На что я дерзко ответил:
– Во-первых, это утверждал не я, а Сергеев-Ценский. А во-вторых, всякий нормальный человек должен трудиться.
Учительница покраснела и отвернулась.
Это была как азартная игра. Каждый раз я ждал разоблачения, но, как ни странно, все сходило с рук. По-видимому, никто не мог предположить такой наглости. Со временем я так наловчился, что, как мне казалось, мои эпиграфы были ничуть не хуже настоящих. Я втайне ими очень гордился.
Например, к образу Иудушки Головлева я предложил эпиграф: «Иудушка Головлев жив и будет жить, пока не исчезнет общественный строй, этот образ порождающий» (В. Бонч-Бруевич).
Кое-кто из моих друзей пытался следовать моему примеру, но это оказалось совсем не просто, в результате мой авторитет среди них рос так же стремительно, как сорняки на дачном участке.
Неприятности пришли, как всегда, с самой неожиданной стороны. Мы писали сочинение на тему: «М. Горький – буревестник революции», которое я по привычке снабдил эпиграфом: «О, ветер! Развей тучи над Россиею! Сдуй с нее пену!» (Карл Каутский).
Если вы не помните, кто он такой, смотрим в энциклопедию: Карл Каутский (1854–1938) – немецкий теоретик-социалист, идейный враг В.И. Ленина.
Через какое-то время меня прямо с урока вызвали к директору. Я за собой никакой вины не чувствовал и поэтому был относительно спокоен.
Иван Иванович Один встретил меня какой-то странной, натянутой улыбкой. Он казался взволнованным.
– Присаживайтесь, молодой человек. Тут с вами хотят поговорить. Впрочем, не буду вам мешать. Я должен присутствовать на уроке в 10 «Б». Беседуйте, тут вам никто не помешает.
И Иван Иванович поспешно вышел из кабинета.

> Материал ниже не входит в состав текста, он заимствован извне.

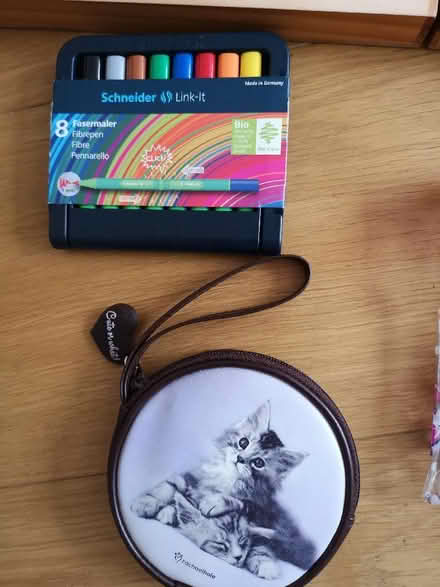 Photo of free Art set plus extras (Fareham PO15) #2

Внезапно я заметил, что кроме директора и меня присутствовал еще один человек. Он был одет в серый костюм и темную рубашку и почти сливался с портьерами в глубине комнаты.

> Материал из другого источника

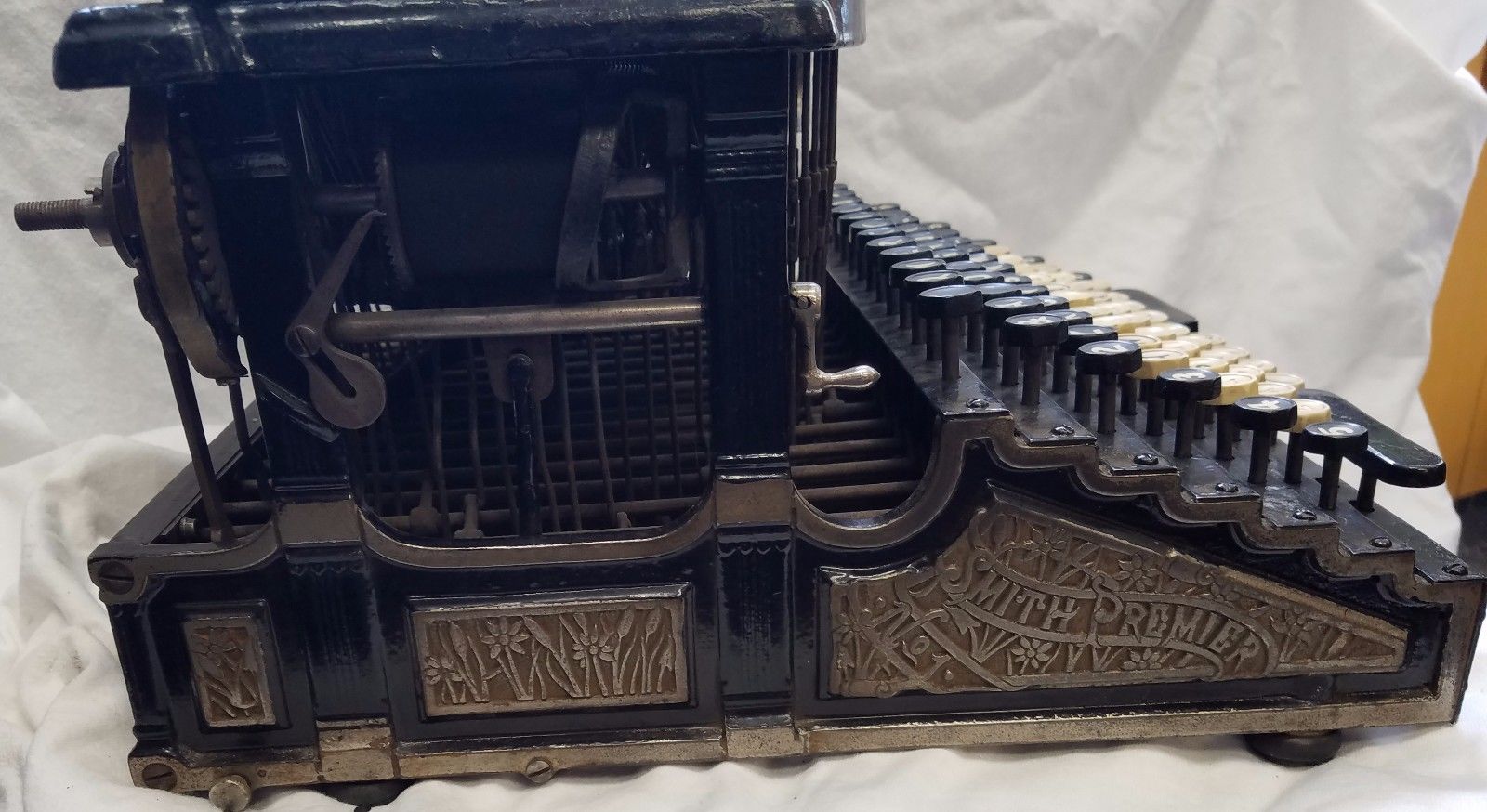 smith premier typewriter no1 left side 05892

После ухода директора незнакомец не спеша перебрался в директорское кресло. С минуту он меня внимательно разглядывал, потом дружески подмигнул и спросил:
– Ну, как жизнь?
Я не был готов к такому вопросу и в ответ промычал что-то невнятное.
– Расскажи о себе, – попросил незнакомец, – начни с фамилии, имени и отчества, с кем живешь, какие планы и так далее.

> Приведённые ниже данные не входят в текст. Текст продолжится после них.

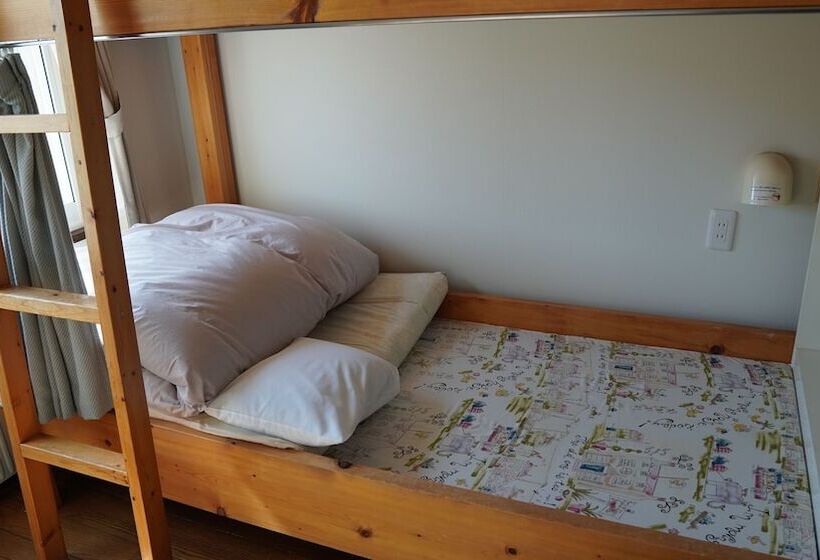 エコノミー４人部屋, Kiyosato Ihatov Hostel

Я представился, все еще ничего не понимая. Потом рассказал, что живу с матерью и планирую поступать в институт, причем в какой, еще не решил.
– Еще не решил, – воскликнул человек с отеческой интонацией, – пора бы и решить. Ну, хотя бы в технический или гуманитарный?
Я ответил, что мечтаю о факультете журналистики, но туда очень трудно поступить.
– Трудно поступить! – повторил мужчина. – Кто хочет, тот добьется, кто ищет, тот всегда найдет, – продолжал он нараспев. – Главное – идти к своей цели и не бояться трудностей. – Он задумался. Пауза затягивалась, и он протянул мне пачку сигарет: – Закурить хочешь?
Я отрицательно покачал головой и сказал, что не курю.
– Ты, наверное, много читаешь? – возобновил опять он странный разговор.
– Да нет, не очень, – отвечал я, – только то, что по программе.
– А библиотека у вас большая? – он метнул на меня быстрый взгляд.
Я объяснил, что у нас двадцать – двадцать пять книг, одна полка, и та не заполненная.
– А какие у вас книги? – продолжал он задавать праздные вопросы.
– Полное собрание Джека Лондона, Пушкин, «Анна Каренина» и еще что-то, не помню, – отвечал я, теряясь в догадках.
– А старые книги – дореволюционные или первых лет советской власти – есть?
Я ответил отрицательно.
Он помолчал. Мне показалось, что он чем-то разочарован.
– Я читал твои сочинения, – сказал он после паузы, – они неплохо написаны. Особенно последнее. Там очень удачный эпиграф. Как ты его раскопал?
Сердце мое оборвалось, и я сидел молча, чувствуя, что мои щеки пылают.
– Ты его сам нашел или кто-то подсказал? – продолжал он с некоторым торжеством, пристально глядя на меня.
Я молчал.
– Да, я забыл представиться. Майор Гвоздикин, вот мое удостоверение.
Я мельком взглянул на удостоверение и чуть не упал со стула. Потом дрожащими руками вынул из его пачки сигарету. Он предупредительно щелкнул зажигалкой. После первой же затяжки я надолго закашлялся. Он смотрел на меня с доброй улыбкой.